----- Material to process -----
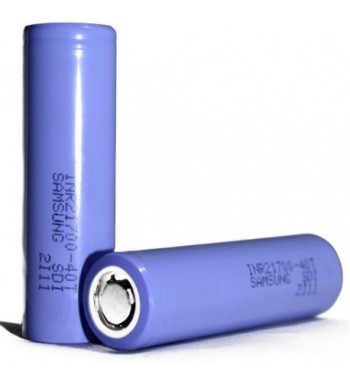 Bateria SAMSUNG 40T 21700 Bateria SAMSUNG 40T 21700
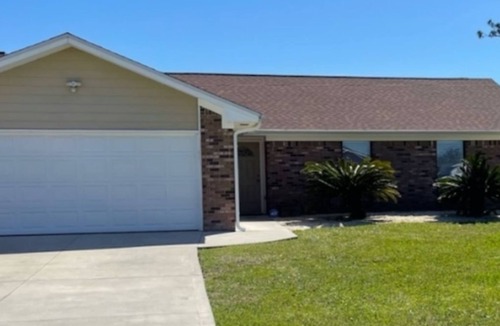 Panama City House | Home Away from Home in Residential Neighborhood
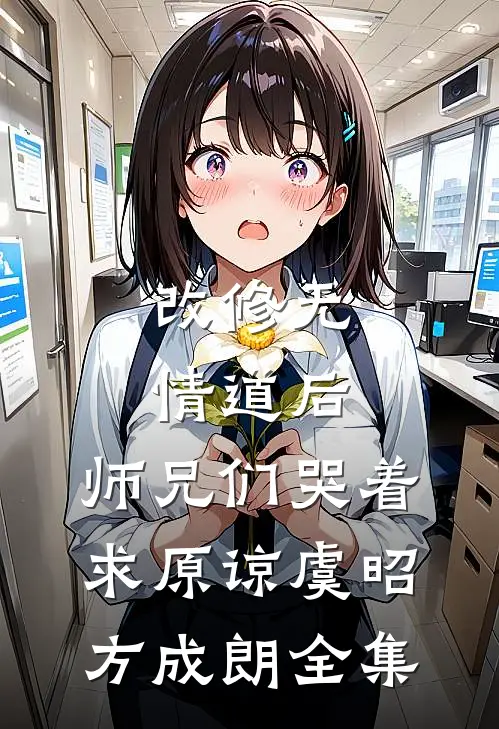 改修无情道后，师兄们哭着求原谅虞昭方成朗全集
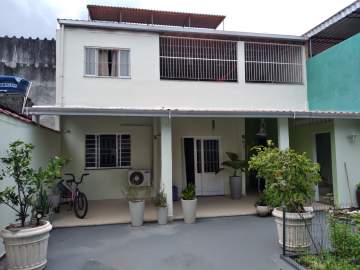Casa 4 quartos à venda Oswaldo Cruz, Rio de Janeiro - R$ 700.000 - GICA40005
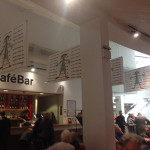 Unheard Voices By Tom Cross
-----
What you should do: Would you retype the lines from the line containing "改修无情道后，师兄们哭着求原谅虞昭方成朗全集" to the final line of the entries above, exactly as given and without pictures?

Response to this exercise:
 改修无情道后，师兄们哭着求原谅虞昭方成朗全集
Casa 4 quartos à venda Oswaldo Cruz, Rio de Janeiro - R$ 700.000 - GICA40005
 Unheard Voices By Tom Cross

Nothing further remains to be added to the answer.